Ci fermiamo ad un grande incrocio dove si vede un po' più di gente che va avanti ed indietro facendo la spola tra i tanti templi della città. Qui c'è un presidio di polizia piuttosto numeroso, che sembra si dia un gran da fare per fare passare alternativamente le due folle che a piedi si incrociano, come se si fosse davanti ad un effettivo crocicchio semaforico.
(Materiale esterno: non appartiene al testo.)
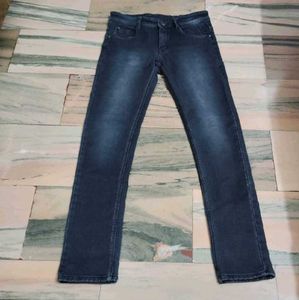 Classic Men's Blue Wash Denim Jeans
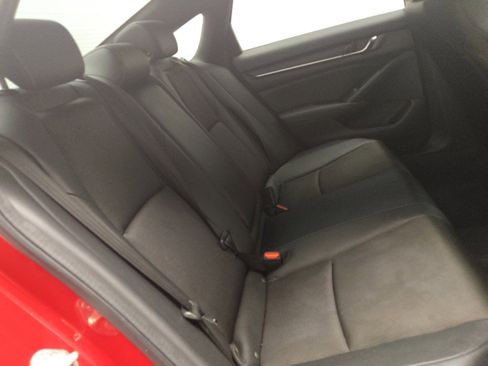 Used 2019 Honda Accord Sport image 19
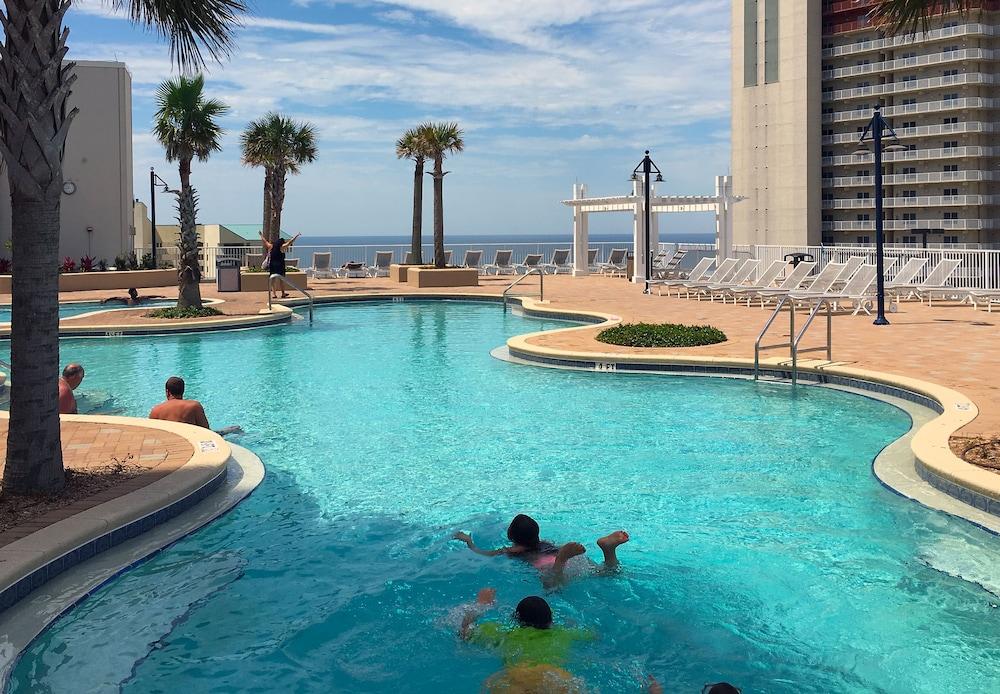 Laketown Wharf by Emerald View Resorts photo 2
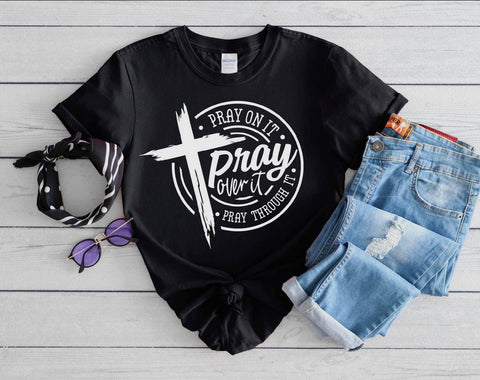 T-shirts - Pray On It Circle, Black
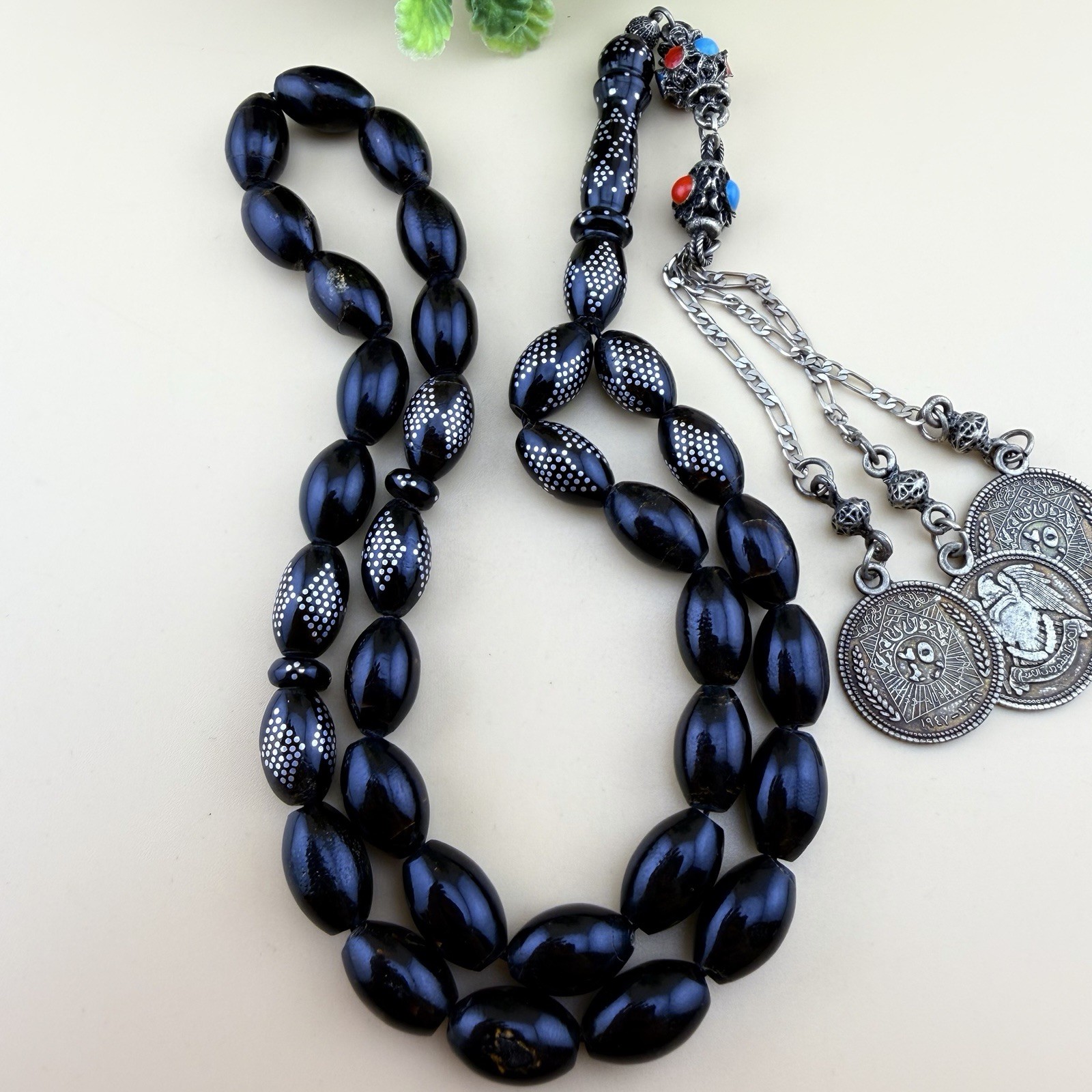 Handmade Yusur 33-bead Islamic Prayer Rosary Tasbih مسباح سبحة يسر مطعم فضة Handmade Yusur 33-bead Islamic Prayer Rosary Tasbih مسباح سبحة يسر مطعم فضة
E' tutto in trillare di fischietti e mulinare di bastoni, che uomini e anche donne con occhi severissimi, utilizzano a dismisura, imponendosi alla gente, anche con metodi decisamente bruschi, strattonamenti vari e toni da polizia adusa ad un potere piuttosto determinato. Questo deve anche essere il punto dove convergono quelli che si cercano, deve essere infatti facilissimo perdersi tra la folla. Ecco infatti seduta su una panchetta, una bimba bellissima, che piange disperatamente guardandosi intorto evidentemente in cerca della mamma. Cerca di dare qualche indicazione alla poliziotta che tenta di consolarla, ma evidentemente è troppo piccola per fornire informazioni utili. Così dopo poco, riprende il fiume disperato di lacrime e la donna non sa più cosa fare per tranquillizzarla. Dopo un po' che la bimba continua a guardarsi attorno disperata sperando di vedere un volto noto, la portano via, al posto di polizia dove sta evidentemente il luogo più naturale per ritrovarla. Mi vengono subito in mente storie indiane di bambini perduti tra la folla e di conseguenza delle peripezie che hanno dovuto subire e mi intristisco subito, ma di certo non sarà questo il caso. Alla fine stiamo in giro quasi tutto il giorno senza una meta precisa, solo perdendoci tra i rumori ed i colori di questa festa che sembra non finire mai.